Ich habe eine tolle Regelung mit dem Vater meines Kindes, ohne Gericht, freundschaftlich und fair und werde darum oft beneidet. Doch es müssen beide Parteien mitspielen.

Wünsche dir, dass du es schaffst, es ist jedoch nicht einfach. Auch, weil zuviele andere Personen meinen, Ratschläge geben und beim Krieg mit spielen zu dürfen bzw. zu müssen.
 
G

Gast

  • #5
wie alt sind deine Kinder? bist du Mutter oder Vater??

bei uns (ich bin Mutter, unsere Tochter war damals 12) war es so, dass das Mädel immer völlig verstört vom Wochenende, das sie beim Vater verlebt hatte, nach Hause gekommen ist. Sie hat den Wechsel zwischen den Eltern nicht verkraftet. Dieses Sonntags-Wochentags-Leben.
Beobachte dein/e Kind/er und sieh zu, dass es ihnen möglichst gut geht - egal, wie das Gericht entschieden hat. das Gericht kennt dein Kind nicht. notfalls muss man nachverhandeln. sprich mit den Leuten vom Jugendamt! sie haben Erfahrungen und wissen auch, wie man mit gleich Betroffenen ins Gespräch=Erfahrungaustausch kommen kann.

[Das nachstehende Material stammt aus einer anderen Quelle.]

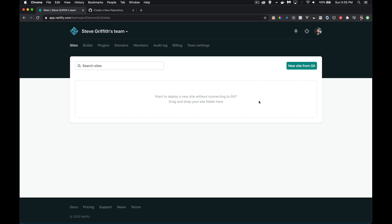This second video in the Netlify serverless series covers how we can use GitHub and our normal workflow with NPM and GitHub to actually build sites and deploy them with a lot of automated work being done by Netlify for us.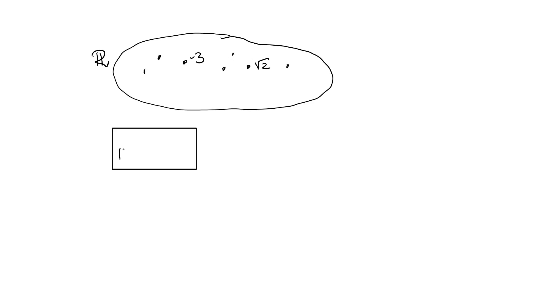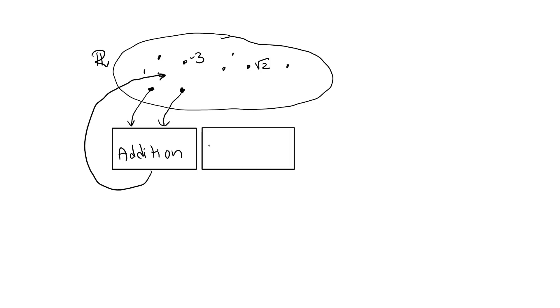We have an operation that we call addition. We can feed any two real numbers into the addition operation, and it will return a real number. Similarly for the multiplication operation, feed any two real numbers and it will return a real number.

und sprich mit deinem Kind, um herauszufinden, was für sie/ihn am Besten ist!
so viel Fairness sollte bei einer Trennung sein.
 
F

Fräulein Smilla

  • #6
Bei uns klappt es jetzt nach fünf Jahren Trennung ganz gut.
Ich habe früher an den Tagen, an denen ich genervt war meine Kinder einfach kurz unten allein gelassen und mich in mein Zimmer zurück gezogen (der Kleinste war 6Jahre alt). Auch Kinder können verstehen wenn man mal nicht so gut auf den anderen zu sprechen ist und ihn nicht sehen möchte So lange man keine Dramen daraus macht und die Kinder in die Streitigkeiten nicht mit einbezieht finde ich das vollkommen in Ordnung.
Jede Wunde braucht Zeit um ztu heilen, sei ehrlich zu Dir selbst, aber nicht dramatisch...

Viel Erfolg und Kopf hoch!

Fräulein Smilla 7E1DA741
 
G

Gast

  • #7
Danke für Eure Antworten. Mein Kind ist acht Jahre alt.